By Wayne S. Walker

     “Do you not know that the unrighteous will not inherit the kingdom of God? Do not be deceived. Neither fornicators, nor idolaters, nor adulterers, nor homosexuals, nor sodomites, nor thieves, nor covetous…[will inherit the kingdom of God]” (1 Corinthians 6:9-10).  The word translated “covetous” literally means eager to have more.  It is often understood to identify being desirous of what belongs to others but is usually explained generally as greedy of gain.  The noun form is defined as avarice.  About the best Biblical description of covetousness is found in Luke 12:15, where we read of Jesus, “And He said to them, “‘Take heed and beware of covetousness, for one’s life does not consist in the abundance of the things he possesses.’”  When one comes to view the quality of his life solely in terms of the abundance of his possessions, whether he has much or little, that person is covetous.

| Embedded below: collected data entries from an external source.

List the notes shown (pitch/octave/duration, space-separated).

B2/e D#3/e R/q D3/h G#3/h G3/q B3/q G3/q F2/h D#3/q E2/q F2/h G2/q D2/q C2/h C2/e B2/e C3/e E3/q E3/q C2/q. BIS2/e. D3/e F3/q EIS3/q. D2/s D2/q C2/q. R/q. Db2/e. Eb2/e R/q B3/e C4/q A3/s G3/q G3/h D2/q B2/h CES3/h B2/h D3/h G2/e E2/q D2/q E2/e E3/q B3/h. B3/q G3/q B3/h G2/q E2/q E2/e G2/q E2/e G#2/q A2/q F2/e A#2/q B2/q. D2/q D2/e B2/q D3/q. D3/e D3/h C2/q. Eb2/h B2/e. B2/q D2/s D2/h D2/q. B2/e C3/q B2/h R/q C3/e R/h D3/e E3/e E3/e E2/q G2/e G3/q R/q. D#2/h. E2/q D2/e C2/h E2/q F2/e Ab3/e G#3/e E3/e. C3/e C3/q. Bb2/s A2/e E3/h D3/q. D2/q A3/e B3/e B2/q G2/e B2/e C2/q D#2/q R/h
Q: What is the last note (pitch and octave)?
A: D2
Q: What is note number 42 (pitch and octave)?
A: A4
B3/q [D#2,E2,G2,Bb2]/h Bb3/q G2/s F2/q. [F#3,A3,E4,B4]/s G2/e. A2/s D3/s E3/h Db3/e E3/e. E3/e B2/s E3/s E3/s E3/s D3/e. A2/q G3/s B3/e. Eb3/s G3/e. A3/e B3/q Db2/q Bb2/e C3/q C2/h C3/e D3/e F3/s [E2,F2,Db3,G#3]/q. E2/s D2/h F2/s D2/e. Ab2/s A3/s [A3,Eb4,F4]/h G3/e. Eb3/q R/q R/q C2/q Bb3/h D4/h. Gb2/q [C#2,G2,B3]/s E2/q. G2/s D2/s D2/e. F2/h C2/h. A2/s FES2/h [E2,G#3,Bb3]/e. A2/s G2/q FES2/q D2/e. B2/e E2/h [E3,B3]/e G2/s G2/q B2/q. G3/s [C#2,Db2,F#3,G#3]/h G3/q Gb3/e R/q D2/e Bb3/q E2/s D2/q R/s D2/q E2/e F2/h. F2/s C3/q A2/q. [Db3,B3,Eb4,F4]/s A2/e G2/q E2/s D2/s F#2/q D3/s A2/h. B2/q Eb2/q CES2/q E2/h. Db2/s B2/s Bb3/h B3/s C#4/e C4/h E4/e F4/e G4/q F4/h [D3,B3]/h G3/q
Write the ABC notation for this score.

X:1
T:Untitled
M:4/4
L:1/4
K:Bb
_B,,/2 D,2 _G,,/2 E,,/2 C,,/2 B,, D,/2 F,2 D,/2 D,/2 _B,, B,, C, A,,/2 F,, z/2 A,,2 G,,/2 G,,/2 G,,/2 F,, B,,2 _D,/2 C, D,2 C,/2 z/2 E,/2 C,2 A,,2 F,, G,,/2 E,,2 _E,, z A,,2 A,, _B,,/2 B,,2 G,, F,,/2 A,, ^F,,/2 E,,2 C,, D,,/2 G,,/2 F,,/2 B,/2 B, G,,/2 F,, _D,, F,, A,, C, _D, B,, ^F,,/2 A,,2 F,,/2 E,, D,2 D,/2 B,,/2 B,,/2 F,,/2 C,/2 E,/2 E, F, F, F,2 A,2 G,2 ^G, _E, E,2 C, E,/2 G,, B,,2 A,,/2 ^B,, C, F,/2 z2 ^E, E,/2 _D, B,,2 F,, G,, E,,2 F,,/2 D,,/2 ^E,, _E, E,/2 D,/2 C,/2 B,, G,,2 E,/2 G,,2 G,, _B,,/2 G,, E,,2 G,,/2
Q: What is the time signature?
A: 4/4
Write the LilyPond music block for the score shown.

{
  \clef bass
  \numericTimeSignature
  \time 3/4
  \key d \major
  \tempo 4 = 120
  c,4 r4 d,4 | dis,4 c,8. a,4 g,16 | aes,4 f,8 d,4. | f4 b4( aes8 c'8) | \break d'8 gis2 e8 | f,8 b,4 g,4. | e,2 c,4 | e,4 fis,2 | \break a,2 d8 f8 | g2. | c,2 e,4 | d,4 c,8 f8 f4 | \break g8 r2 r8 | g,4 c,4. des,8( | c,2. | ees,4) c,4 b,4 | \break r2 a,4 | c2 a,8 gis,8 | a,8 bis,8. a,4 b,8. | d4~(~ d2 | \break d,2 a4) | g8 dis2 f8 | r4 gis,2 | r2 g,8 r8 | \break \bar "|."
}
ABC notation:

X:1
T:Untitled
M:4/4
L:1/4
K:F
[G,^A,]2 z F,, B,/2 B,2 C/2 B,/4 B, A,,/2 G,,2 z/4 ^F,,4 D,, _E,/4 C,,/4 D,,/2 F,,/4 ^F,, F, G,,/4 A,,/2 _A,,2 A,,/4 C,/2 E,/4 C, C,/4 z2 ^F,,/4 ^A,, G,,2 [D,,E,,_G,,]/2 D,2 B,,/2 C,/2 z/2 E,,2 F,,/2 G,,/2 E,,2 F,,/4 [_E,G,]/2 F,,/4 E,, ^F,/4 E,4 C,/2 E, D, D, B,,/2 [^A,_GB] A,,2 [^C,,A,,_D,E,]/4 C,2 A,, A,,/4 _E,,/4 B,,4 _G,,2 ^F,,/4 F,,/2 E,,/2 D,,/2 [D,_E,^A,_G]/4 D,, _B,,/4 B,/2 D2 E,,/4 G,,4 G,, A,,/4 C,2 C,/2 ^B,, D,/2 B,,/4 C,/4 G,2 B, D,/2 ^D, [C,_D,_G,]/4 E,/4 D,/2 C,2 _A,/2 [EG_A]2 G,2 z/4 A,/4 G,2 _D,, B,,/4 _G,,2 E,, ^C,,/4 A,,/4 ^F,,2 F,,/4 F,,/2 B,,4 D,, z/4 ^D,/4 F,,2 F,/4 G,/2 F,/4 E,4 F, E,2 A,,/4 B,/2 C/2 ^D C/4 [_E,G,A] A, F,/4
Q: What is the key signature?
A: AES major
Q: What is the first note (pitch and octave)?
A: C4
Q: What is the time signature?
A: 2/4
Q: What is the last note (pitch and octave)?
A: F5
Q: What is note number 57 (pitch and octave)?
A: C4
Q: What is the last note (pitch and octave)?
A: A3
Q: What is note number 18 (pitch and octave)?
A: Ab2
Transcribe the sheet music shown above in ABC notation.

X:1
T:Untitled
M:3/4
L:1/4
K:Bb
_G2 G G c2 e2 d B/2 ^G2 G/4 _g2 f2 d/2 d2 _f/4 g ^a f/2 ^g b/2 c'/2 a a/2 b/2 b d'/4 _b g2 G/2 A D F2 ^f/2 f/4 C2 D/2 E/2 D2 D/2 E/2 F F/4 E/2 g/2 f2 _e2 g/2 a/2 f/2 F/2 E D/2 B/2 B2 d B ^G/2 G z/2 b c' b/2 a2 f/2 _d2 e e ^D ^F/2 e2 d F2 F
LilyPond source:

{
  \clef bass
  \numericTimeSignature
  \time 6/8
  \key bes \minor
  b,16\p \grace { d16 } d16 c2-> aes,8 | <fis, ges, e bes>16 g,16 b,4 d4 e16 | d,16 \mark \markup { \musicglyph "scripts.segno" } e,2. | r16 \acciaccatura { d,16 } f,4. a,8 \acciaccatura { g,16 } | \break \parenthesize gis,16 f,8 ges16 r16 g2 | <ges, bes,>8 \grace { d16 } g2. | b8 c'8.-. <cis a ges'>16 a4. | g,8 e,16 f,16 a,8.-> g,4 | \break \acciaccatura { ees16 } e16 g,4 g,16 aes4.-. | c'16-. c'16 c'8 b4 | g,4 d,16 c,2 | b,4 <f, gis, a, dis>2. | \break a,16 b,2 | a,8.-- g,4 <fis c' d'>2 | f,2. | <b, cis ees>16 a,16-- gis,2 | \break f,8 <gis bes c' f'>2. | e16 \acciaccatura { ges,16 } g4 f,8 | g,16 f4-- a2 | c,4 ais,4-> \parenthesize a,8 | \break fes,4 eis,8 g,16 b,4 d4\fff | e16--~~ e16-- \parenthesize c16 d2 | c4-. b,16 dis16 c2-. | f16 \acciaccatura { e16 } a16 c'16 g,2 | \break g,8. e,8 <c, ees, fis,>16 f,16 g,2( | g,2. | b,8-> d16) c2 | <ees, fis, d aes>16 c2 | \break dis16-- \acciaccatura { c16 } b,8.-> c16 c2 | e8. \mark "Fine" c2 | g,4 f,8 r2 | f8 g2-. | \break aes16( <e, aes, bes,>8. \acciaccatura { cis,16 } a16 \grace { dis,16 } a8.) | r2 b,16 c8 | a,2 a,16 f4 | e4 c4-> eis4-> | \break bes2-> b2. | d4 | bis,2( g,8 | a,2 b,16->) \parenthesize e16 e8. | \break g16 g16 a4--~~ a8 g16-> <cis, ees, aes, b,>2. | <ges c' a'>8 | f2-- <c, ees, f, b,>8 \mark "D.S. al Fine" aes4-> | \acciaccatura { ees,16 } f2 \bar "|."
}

There are actually two main words in the original language of the New Testament which are translated “covet.”  The one used by Paul in 1 Corinthians 6:9 is always found in a bad sense.  It describes an attitude with its resultant actions which were judged to be extremely sinful by first century Christians.  “But now I have written to you not to keep company with anyone named a brother, who is sexually immoral, or covetous, or an idolater, or a reviler, or a drunkard, or an extortioner—not even to eat with such a person” (1 Corinthians 5:11).  If a brother were found to be guilty of covetousness and refused to repent, he was to be withdrawn from just like what should be done with a fornicator, an idolater, or a drunkard.  That is how serious the sin is in the sight of God.

Covetousness was condemned in the Old Testament.  The last, but certainly not the least, of the Ten Commandments said, “You shall not covet your neighbor’s house; you shall not covet your neighbor’s wife, nor his male servant, nor his female servant, nor his ox, nor his donkey, nor anything that is your neighbor’s” (Exodus 20:17).  We see how covetousness leads to other sin in the example of Achan, who confessed, “When I saw among the spoils a beautiful Babylonian garment, two hundred shekels of silver, and a wedge of gold weighing fifty shekels, I coveted them and took them. And there they are, hidden in the earth in the midst of my tent, with the silver under it” (Joshua 7:21).

Covetousness is also condemned in the New Testament.  “And He said, ‘What comes out of a man, that defiles a man.  For from within, out of the heart of men, proceed evil thoughts, adulteries, fornications, murders, thefts, covetousness, wickedness, deceit, lewdness, an evil eye, blasphemy, pride, foolishness.  All these evil things come from within and defile a man’” (Mark 7:20-23).  Jesus said that covetousness comes from the heart and defiles.  God’s antidote to covetousness and the other sins it produces is to learn contentment.

“Now godliness with contentment is great gain.  For we brought nothing into this world, and it is certain we can carry nothing out.  And having food and clothing, with these we shall be content.  But those who desire to be rich fall into temptation and a snare, and into many foolish and harmful lusts which drown men in destruction and perdition.  For the love of money is a root of all kinds of evil, for which some have strayed from the faith in their greediness [KJV–which while some coveted after], and pierced themselves through with many sorrows” (1 Timothy 6:6-10).  Very simply, the covetous will not inherit the kingdom of God.